Miranda requires police to warn a suspect before conducting a custodial interrogation. Pirtle requires similar legal warnings before an individual who is in custody can consent to a search. Pirtle is specific to Indiana. Most people are familiar with Miranda warnings, but Pirtle warnings are often overlooked, by both police officers and attorneys.
Pirtle holds that “a person who is asked to give consent to search while in police custody is entitled to the presence and advice of counsel prior to making the decision whether to give such consent.”

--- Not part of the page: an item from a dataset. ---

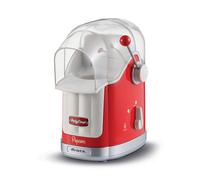 Ariete Ariete 2958 Pop Corn Maker Party Time, Macchina per pop corn con leva, 1100 Watt, Capacità 600 g, Cottura ad aria calda senza grassi, Rosso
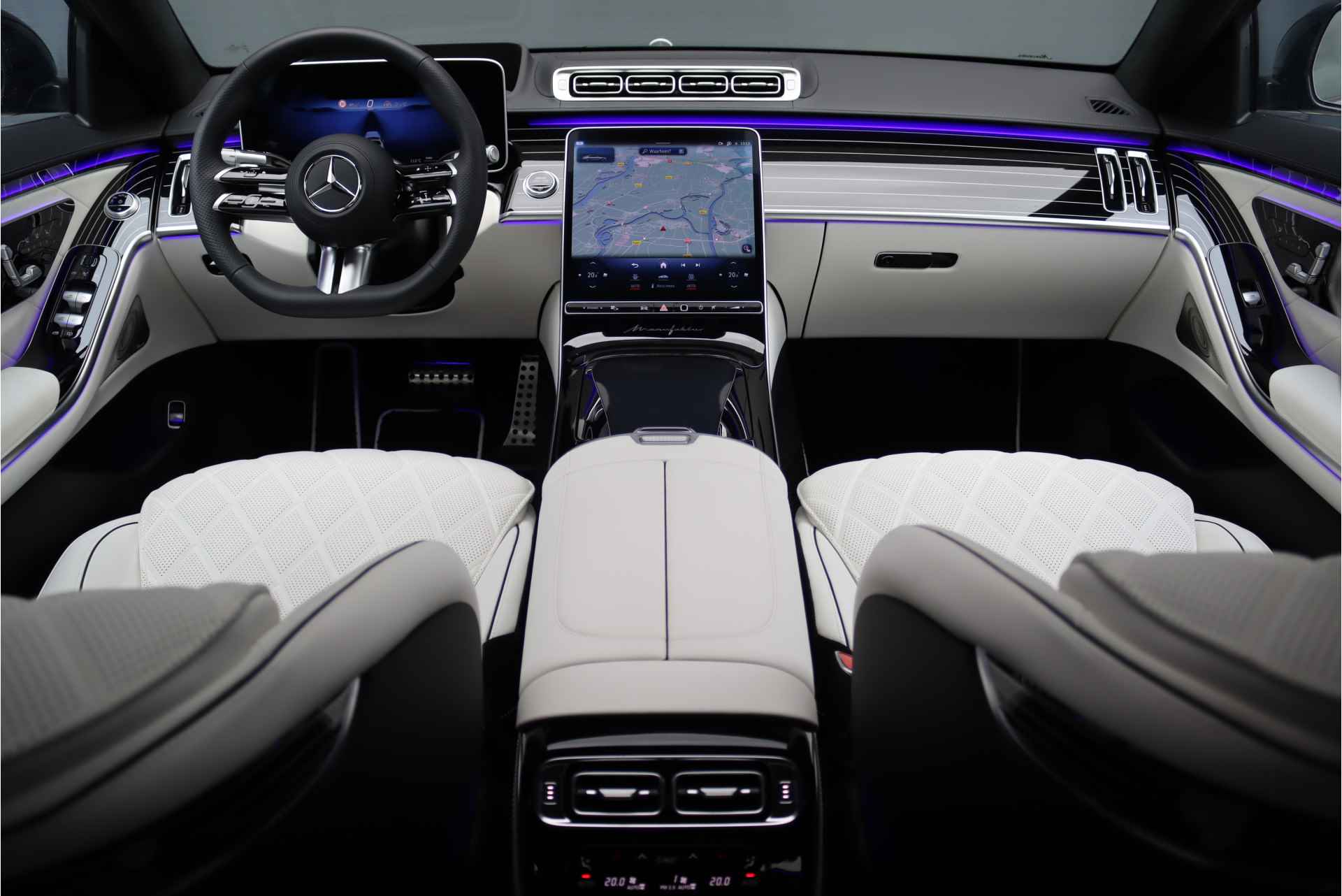 Mercedes-Benz S-Klasse 500 4M Lang AMG Line Aut9, Manufaktur,Distronic+, 3D, MBUX Tablet, Nappa Leder, Massage, HUD, Zonweringspakket, Vierwielbesturing, Softclose,Airmatic,Stoelventilatie V+A, Etc. - 3/51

– Δ was arrested for possession of a stolen car. Δ was placed in the back seat of An officer entered the car to look for the owner’s registration and saw the handle of a gun. Another officer removed the gun. Δ was taken to a police station and interrogated. Δ later signed a waiver allowing a search of his apartment. During a search of the apartment, officers found the wallet of a victim of a homicide. Officers also met two men who confessed that they assisted Δ in the homicide. Δ was charged with and convicted of murder. Δ appealed, arguing that the search of the car and the search of his apartment should have been suppressed. “We hold that a person who is asked to give consent to search while in police custody is entitled to the presence and advice of counsel prior to making the decision whether to give such consent. This right, of course, may be waived, but the burden will be upon the State to show that such waiver was explicit, and, as in Miranda, the State will be required to show that the waiver was not occasioned by defendant’s lack of funds.” Any evidence found as a result of a Pirtle violation must also be suppressed as “poisoned fruit.” Pirtle v. State, 323 N.E.2d 634 (Ind. 1975).